Saved data entries
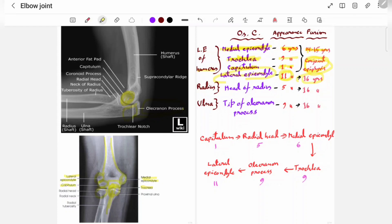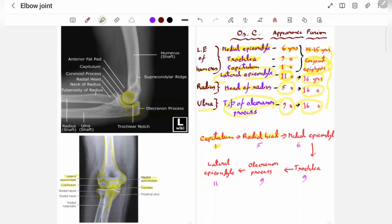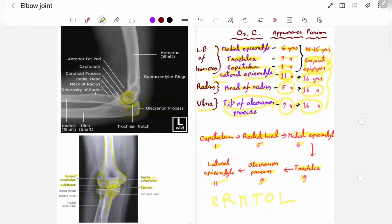The head of the radius appears at five years of age and fusion occurs at 16 years of age. The tip of the olecranon process appears at nine years of age and fusion also occurs at 16 years of age. So at 16 years of age, all structures are fused. The important sequence to remember is: capitulum at one year, radial head at five years, medial epicondyle at six years, trochlea at nine years, olecranon process at nine years, and lateral epicondyle at 11 years.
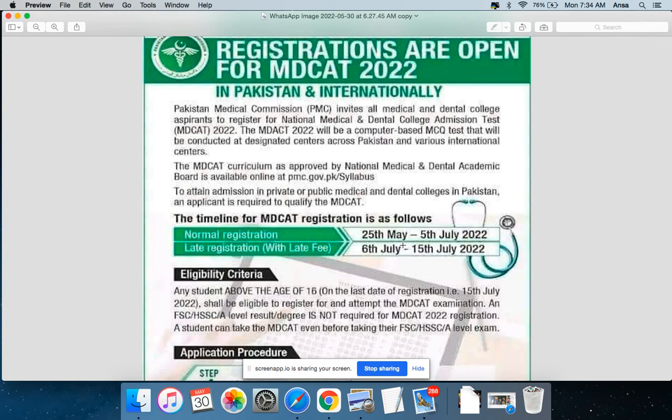We are going to study for MDKAT, which is the admission test for MDKAT 2022. Admission is available for Pakistan and international applicants.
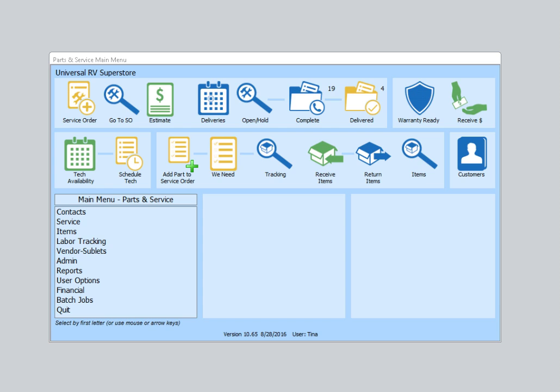In this video, I will show how to write a service order using Parts and Service in Total Management Evolution software. From the Parts and Service main menu, I'll select Service Order.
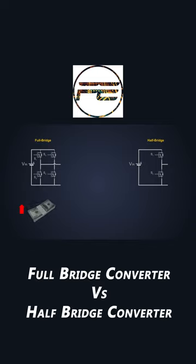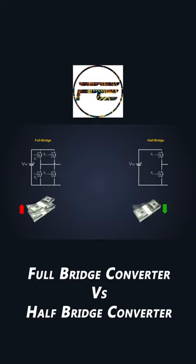A full-bridge topology requires more transistors, which makes it more expensive.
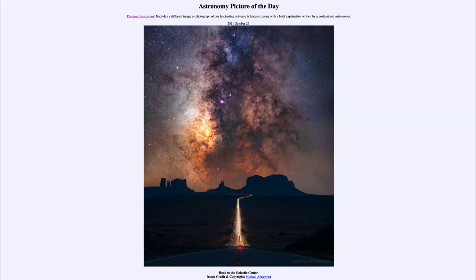Greetings and welcome to the introduction to astronomy. One of the things that I like to do in each of my introductory astronomy classes is to begin the class with the Astronomy Picture of the Day from the NASA website.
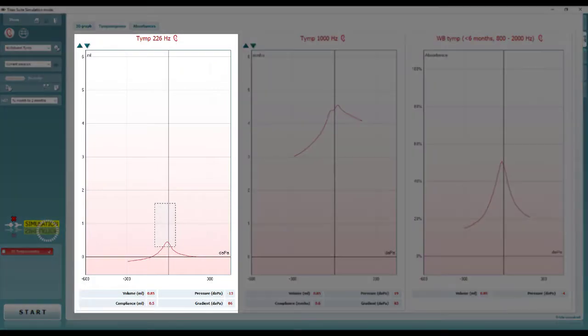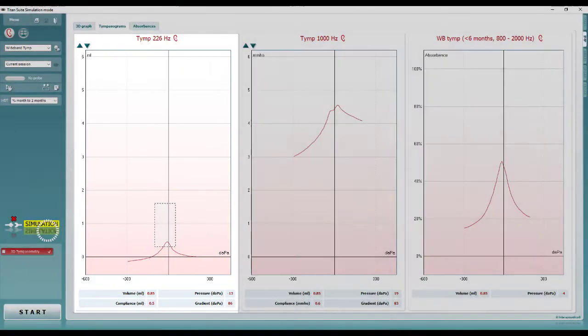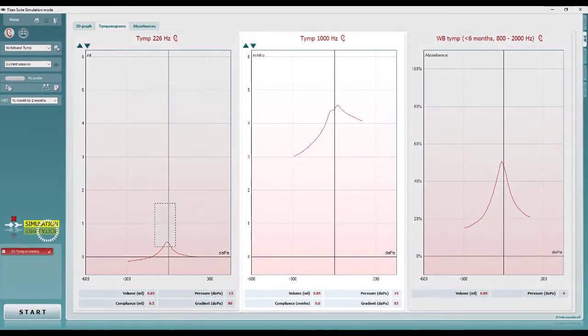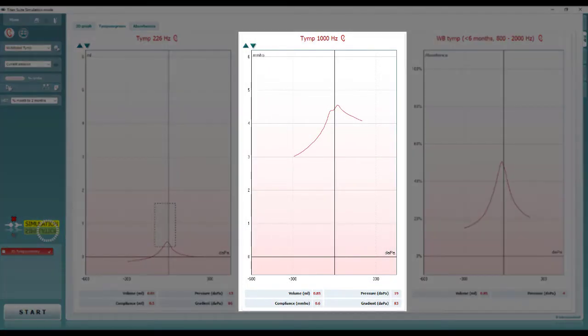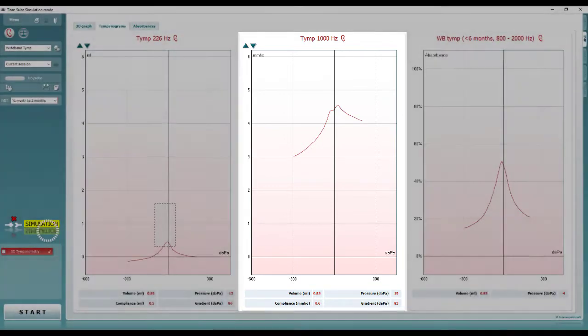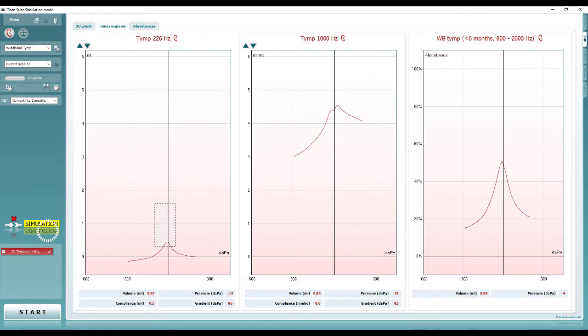By performing wideband tympanometry, you will also have the 1000 Hz probe tone reading, performed within the same measurement, which you can refer to if testing infants under the age of 6 months.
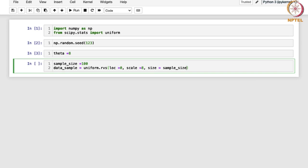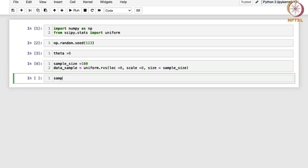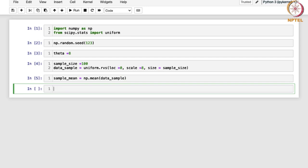Here we are basically generating random data from a uniform distribution and storing it in this variable. Next, we are going to calculate the sample mean using numpy's mean function on the data sample. The reason is that in method of moments, when estimating the parameter for Uniform(0, theta), we found that theta_hat comes out as twice the sample mean.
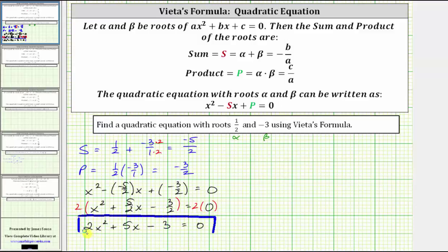It is important to recognize there are an infinite number of quadratic equations that have these two roots. We can create as many equations as we want by multiplying both sides of the equation by a constant.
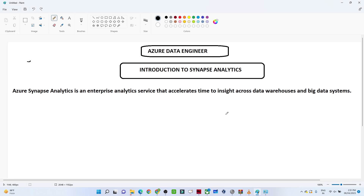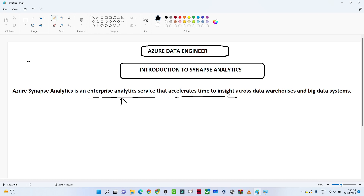In this video we are going to understand Azure Synapse Analytics. So far we have covered Azure Storage, Azure Data Factory, Azure Databricks, and PySpark. Now let us understand why Synapse Analytics is important and why we should use it. Azure Synapse Analytics is an enterprise analytics service that accelerates time to insight across data warehousing and big data systems.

◆ **WHAT IS REQUIRED**
The reply must contain every entry above, exactly as written, and none of the pictures.

◆ **SOLUTION TO THIS PROBLEM**
The head of the radius appears at five years of age and fusion occurs at 16 years of age. The tip of the olecranon process appears at nine years of age and fusion also occurs at 16 years of age. So at 16 years of age, all structures are fused. The important sequence to remember is: capitulum at one year, radial head at five years, medial epicondyle at six years, trochlea at nine years, olecranon process at nine years, and lateral epicondyle at 11 years.
We are going to study for MDKAT, which is the admission test for MDKAT 2022. Admission is available for Pakistan and international applicants.
In this video, I will show how to write a service order using Parts and Service in Total Management Evolution software. From the Parts and Service main menu, I'll select Service Order.
A full-bridge topology requires more transistors, which makes it more expensive.
Greetings and welcome to the introduction to astronomy. One of the things that I like to do in each of my introductory astronomy classes is to begin the class with the Astronomy Picture of the Day from the NASA website.
By performing wideband tympanometry, you will also have the 1000 Hz probe tone reading, performed within the same measurement, which you can refer to if testing infants under the age of 6 months.
Here we are basically generating random data from a uniform distribution and storing it in this variable. Next, we are going to calculate the sample mean using numpy's mean function on the data sample. The reason is that in method of moments, when estimating the parameter for Uniform(0, theta), we found that theta_hat comes out as twice the sample mean.
It is important to recognize there are an infinite number of quadratic equations that have these two roots. We can create as many equations as we want by multiplying both sides of the equation by a constant.
In this video we are going to understand Azure Synapse Analytics. So far we have covered Azure Storage, Azure Data Factory, Azure Databricks, and PySpark. Now let us understand why Synapse Analytics is important and why we should use it. Azure Synapse Analytics is an enterprise analytics service that accelerates time to insight across data warehousing and big data systems.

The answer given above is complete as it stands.